For post-processing the measurements, we turn them into a pandas Dataframe.
table = regionprops_table(labels, image, properties=['area', 'minor_axis_length', 'major_axis_length', 'eccentricity', 'feret_diameter_max'])
data_frame = pd.DataFrame(table)
data_frame
area | minor_axis_length | major_axis_length | eccentricity | feret_diameter_max | |
---|---|---|---|---|---|
0 | 422 | 16.488550 | 34.566789 | 0.878900 | 35.227830 |
1 | 182 | 11.736074 | 20.802697 | 0.825665 | 21.377558 |
2 | 661 | 28.409502 | 30.208433 | 0.339934 | 32.756679 |
3 | 437 | 23.143996 | 24.606130 | 0.339576 | 26.925824 |
4 | 476 | 19.852882 | 31.075106 | 0.769317 | 31.384710 |
... | ... | ... | ... | ... | ... |
56 | 211 | 14.522762 | 18.489138 | 0.618893 | 18.973666 |
57 | 78 | 6.028638 | 17.579799 | 0.939361 | 18.027756 |
58 | 86 | 5.426871 | 21.261427 | 0.966876 | 22.000000 |
59 | 51 | 5.032414 | 13.742079 | 0.930534 | 14.035669 |
60 | 46 | 3.803982 | 15.948714 | 0.971139 | 15.033296 |
61 rows × 5 columns
You can take a column out of the DataFrame.
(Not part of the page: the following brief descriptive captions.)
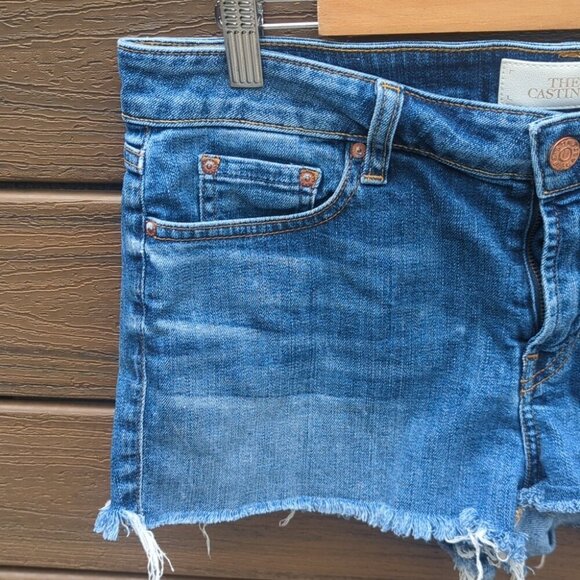 Aritzia The Castings Mid Rise Blue Denim Cut Off Shorts -Size 32 Great Condition - Picture 4 of 9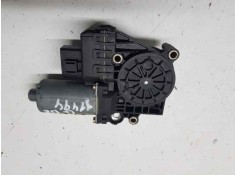 MOTOR ELEVALUNAS DELANTERO DERECHO 4B0959802 0130821774 BOSCH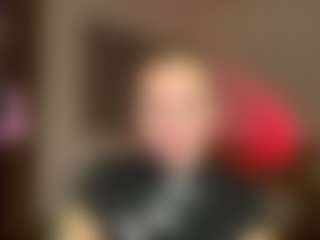Spettacolo in cam dal vivo con KaY - Public su Camsoda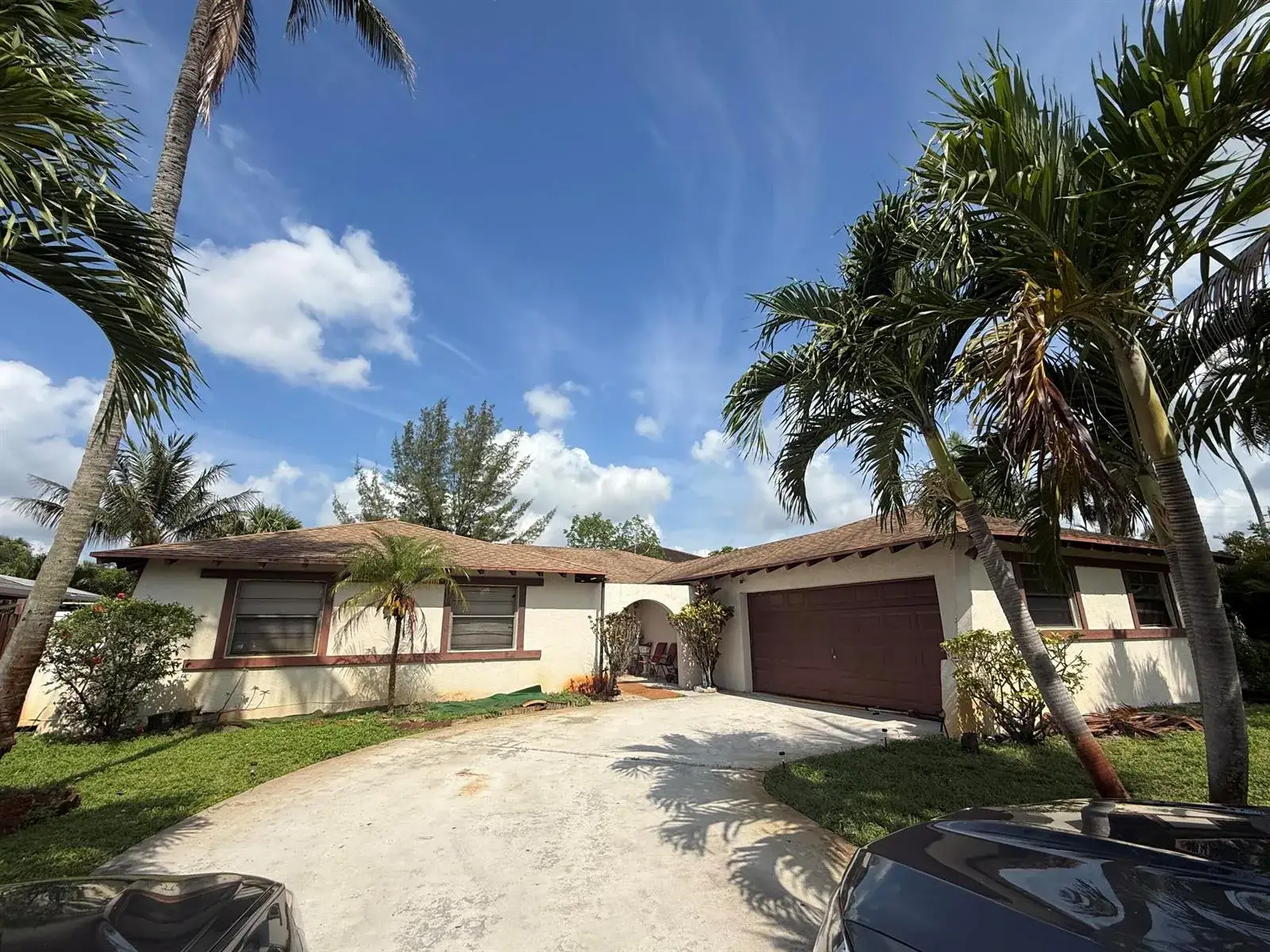 3 bedroom 2 bath Residential for sale at 915 Ryanwood Drive, FL 33413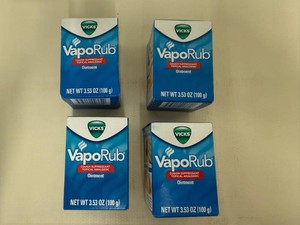 4x Vicks VapoRub
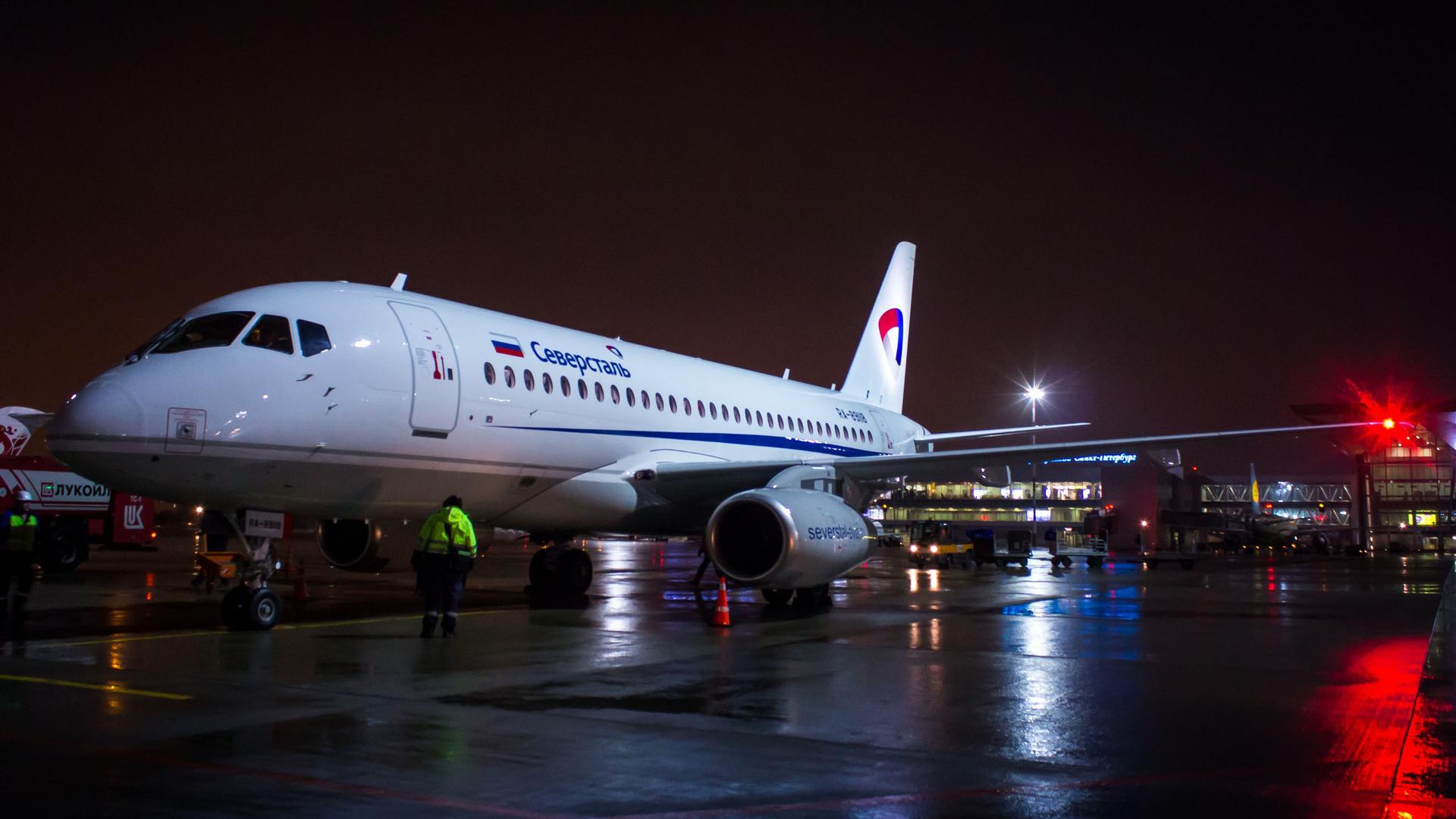 Самолёт Калининград — Петрозаводск вынужденно сел в Пулково из-за смерти  пассажира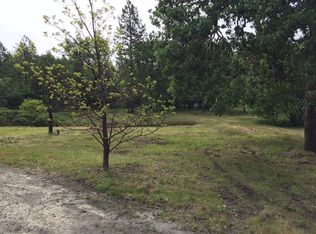 3211 Robertson Bridge Rd, Grants Pass, OR 97526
In this context it works like a Python dictionary.
data_frame["area"]
0 422
1 182
2 661
3 437
4 476
...
56 211
57 78
58 86
59 51
60 46
Name: area, Length: 61, dtype: int32
Even though this data structure appears more than just a vector, numpy is capable of applying basic descriptive statistics functions:
np.mean(data_frame["area"])
358.42622950819674
np.min(data_frame["area"])
5
np.max(data_frame["area"])
899
Individual cells of the DataFrame can be accessed like this:
data_frame["area"][0]
422
For loops can also iterate over table columns like this:
for area_value in data_frame["area"]:
print(area_value)
422
182
661
437
476
277
259
219
67
19
486
630
221
78
449
516
390
419
267
353
151
400
426
246
503
278
681
176
358
544
597
181
629
596
5
263
899
476
233
164
394
411
235
375
654
376
579
64
161
457
625
535
205
562
845
280
211
78
86
51
46
Summary statistics with Pandas#
Pandas also allows you to visualize summary statistics of measurement using the describe()
function.
data_frame.describe()
area | minor_axis_length | major_axis_length | eccentricity | feret_diameter_max | |
---|---|---|---|---|---|
count | 61.000000 | 61.000000 | 61.000000 | 61.000000 | 61.000000 |
mean | 358.426230 | 17.127032 | 24.796851 | 0.657902 | 25.323368 |
std | 210.446942 | 6.587838 | 9.074265 | 0.189669 | 8.732456 |
min | 5.000000 | 1.788854 | 3.098387 | 0.312788 | 3.162278 |
25% | 205.000000 | 14.319400 | 18.630719 | 0.503830 | 19.313208 |
50% | 375.000000 | 17.523565 | 23.768981 | 0.645844 | 24.698178 |
75% | 503.000000 | 21.753901 | 30.208433 | 0.825665 | 31.384710 |
max | 899.000000 | 28.409502 | 54.500296 | 0.984887 | 52.201533 |
Correlation matrix#
If you want to learn which parameters are correlated with other parameters, you can visualize that using pandas’s corr()
.
data_frame.corr()
area | minor_axis_length | major_axis_length | eccentricity | feret_diameter_max | |
---|---|---|---|---|---|
area | 1.000000 | 0.890649 | 0.895282 | -0.192147 | 0.916652 |
minor_axis_length | 0.890649 | 1.000000 | 0.664507 | -0.566486 | 0.716706 |
major_axis_length | 0.895282 | 0.664507 | 1.000000 | 0.168454 | 0.995196 |
eccentricity | -0.192147 | -0.566486 | 0.168454 | 1.000000 | 0.103529 |
feret_diameter_max | 0.916652 | 0.716706 | 0.995196 | 0.103529 | 1.000000 |
Exercise#
Process the banana dataset, e.g. using a for-loop that goes through the folder ../../data/banana/
and processes all the images. Segment all objects in the banana slice images and print out the largest area found for each slice. Collect these values in a list and visualize it as pandas DataFrame.